But the fact is we do kill those plants. Those tomatoes are filled with seed
intended, by nature, to propagate the species, but the chance of that dies
when you eat them, and then the entire plant dies. There are no birds eating
their fruit and spreading their seed. It that were the case we'd see tomatoes
growing wild all over the US, but we don't.

Carrots, lettuce, broccoli, radishes, etc, etc, are all harvested (murdered if
you will) before they even get a chance to go to seed. Your reminder doesn't
account for that.

So, yes, in fact, billions of plants are murdered each year because we humans
eat them.

I'm more curious about why this so difficult for some people to accept. It's
obviously driven by empathy and compassion, and I admire that, but it ignores
the facts that plainly exist all around us all the time.

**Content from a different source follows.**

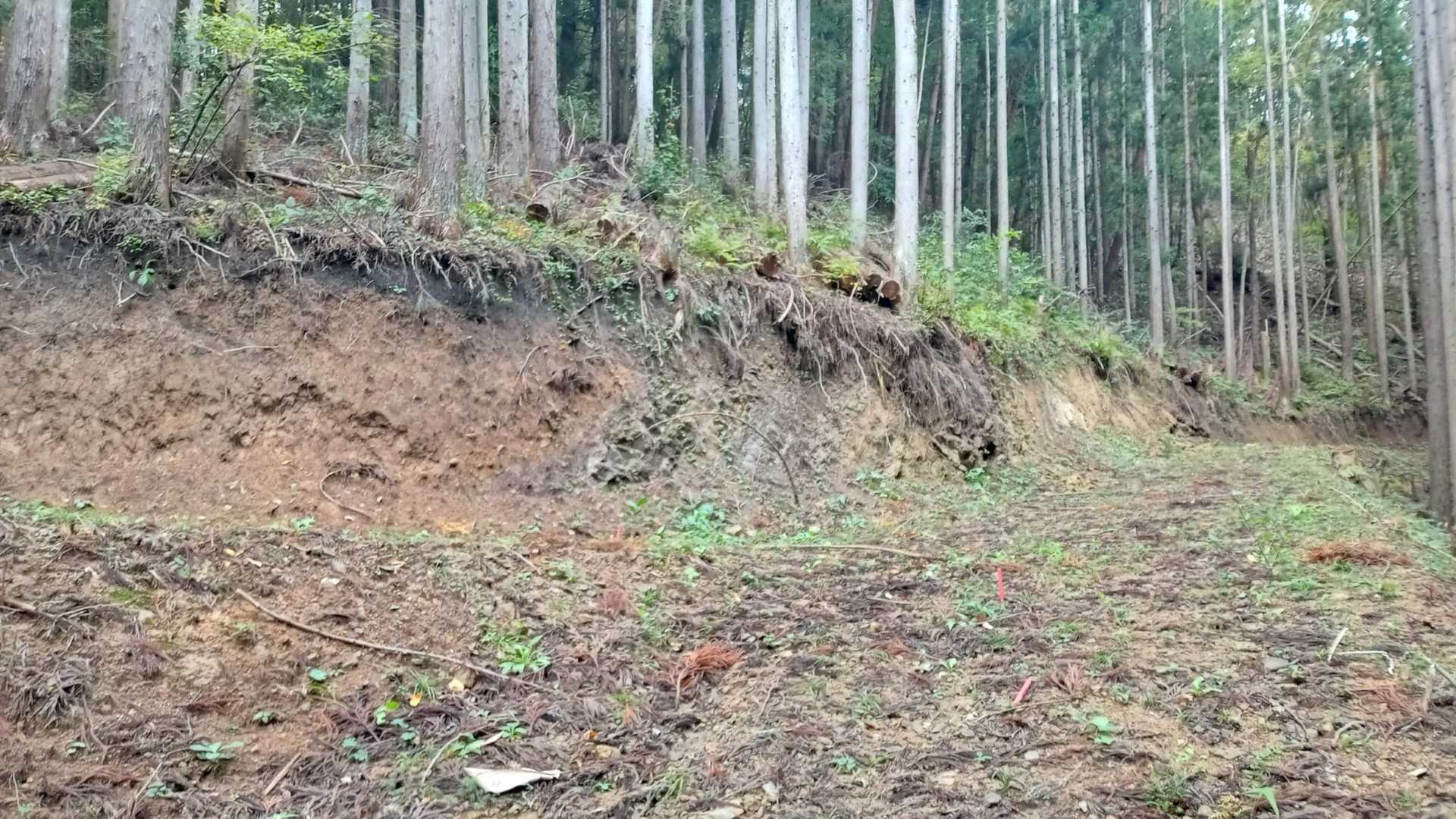 直進右方向はすぐそこで作業道が終わり、先に続く細い道らしきものも分からなかったので、左折して斜面あがって稜線の道に合流することにしよう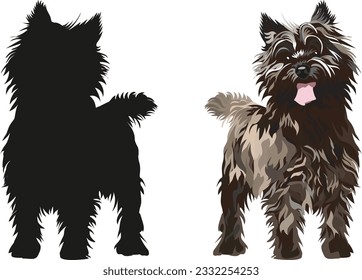 Standing Cairn Terrier dogs. Cute side view pet. Logo design, breed of working dog of medium to large size. Pet character postcard art. Funny dog mascot. Detailed small pet illustration, silhouette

The latest figure I could find easily says "In 2008, 9.08 billion chickens
were slaughtered in the United States".

And tomatoes? "According to the United Nations Food and Agricultural
Organization statistics, around 340 billion pounds (170 million tons) of fresh
and processing tomatoes were produced globally in 2014. The harvested area
covered 12.4 million acres (5 million hectares) of farm land."

That's a lot of food for a lot of people. All of it brought to life that's
taken for one purpose, to sustain us.

This does not make us murderous beasts, and no one, not even those who've
claimed to be "Breatharians", has proved they could exist without taking life.
There's just no getting around that necessity.

As far as I can make out, this notion that one is existing without taking life
is almost exclusively found in cities, generally far from where food is grown
and harvested. I'm pretty much convinced it is a willful denial of the truth
created by and to convince oneself they are superior to the crude masses who
haven't achieved their advanced level of conscientious. And it's a growing
trend.

The fact is, it's an example of denial. We all take life to sustain our own.
The best we can do is provide the means for it to flourish and take it in as
painless a way as possible, rather it's a chicken or a radish.

------
AceJohnny2
> _American chicken monopoly run by the likes of Tyson, Pilgrim 's Pride and
> Perdue._

That's not what "monopoly" means.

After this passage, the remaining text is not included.